● **DATASET EXCERPTS**
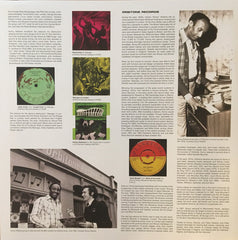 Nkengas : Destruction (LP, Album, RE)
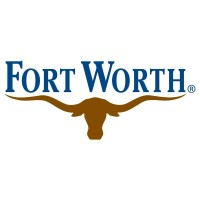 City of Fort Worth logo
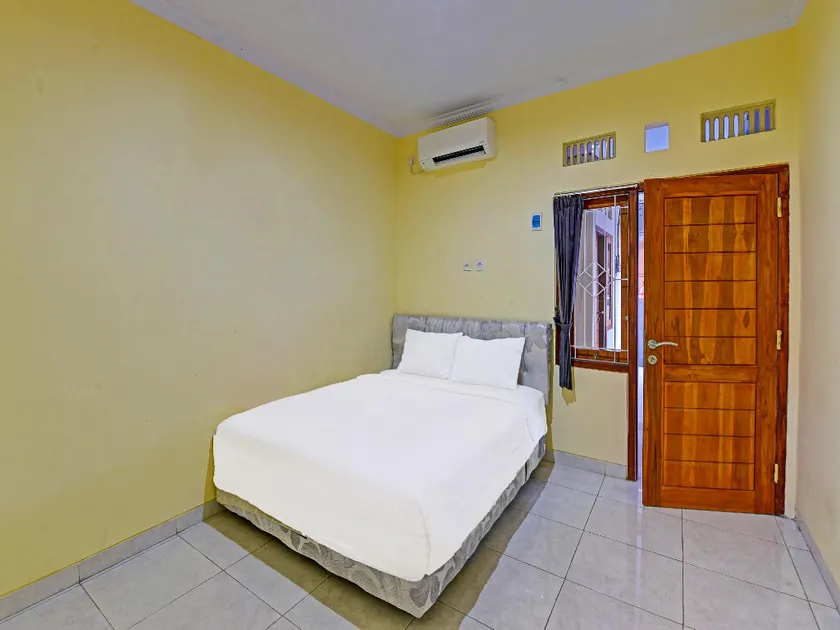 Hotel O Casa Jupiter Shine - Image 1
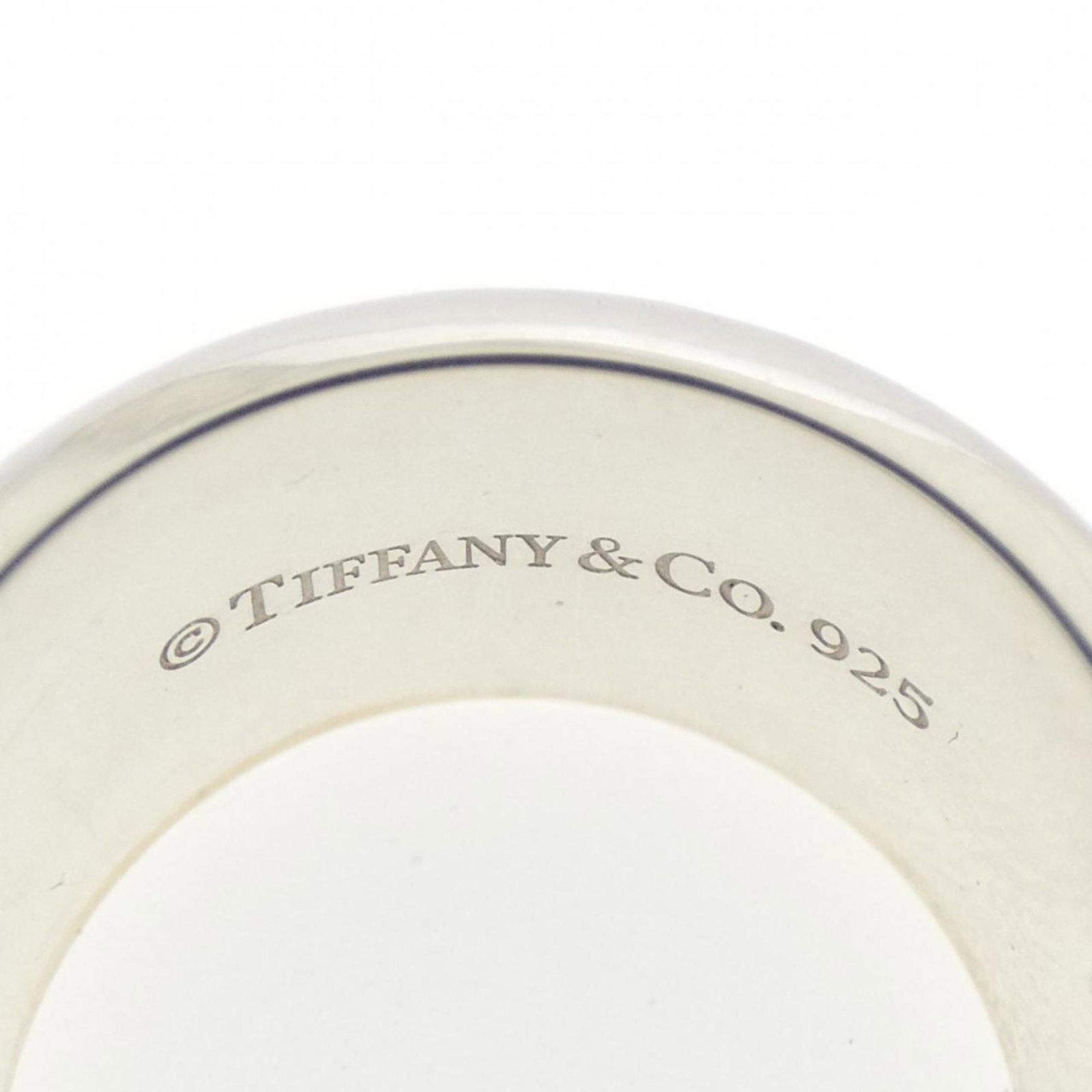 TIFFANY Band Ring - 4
* * *
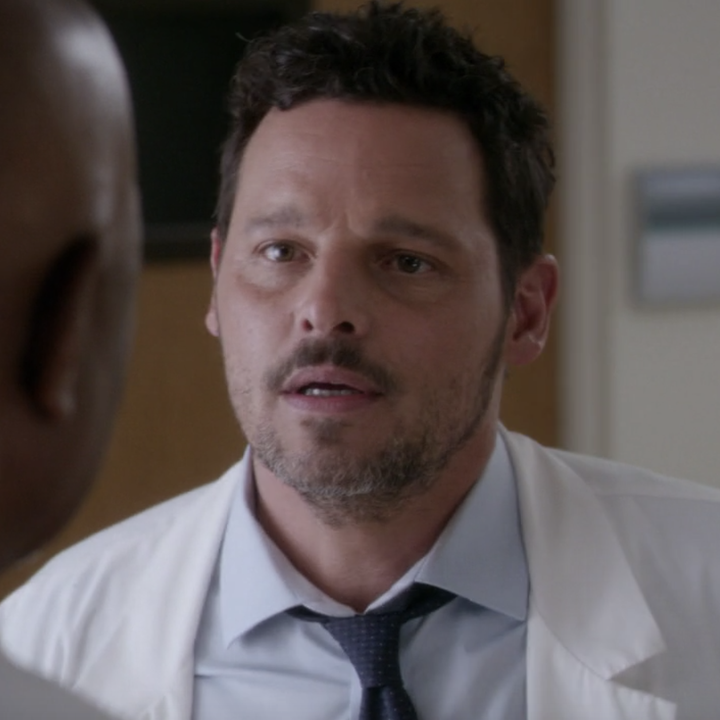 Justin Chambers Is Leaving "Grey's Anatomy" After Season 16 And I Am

● **YOUR ASSIGNMENT**
Give again, exactly as written above, each line from the one that has "Nkengas : Destruction (LP, Album, RE)" to the one that has "TIFFANY Band Ring - 4", both included; omit the pictures.

● **WRITTEN SOLUTION**
 Nkengas : Destruction (LP, Album, RE)
 City of Fort Worth logo
 Hotel O Casa Jupiter Shine - Image 1
 TIFFANY Band Ring - 4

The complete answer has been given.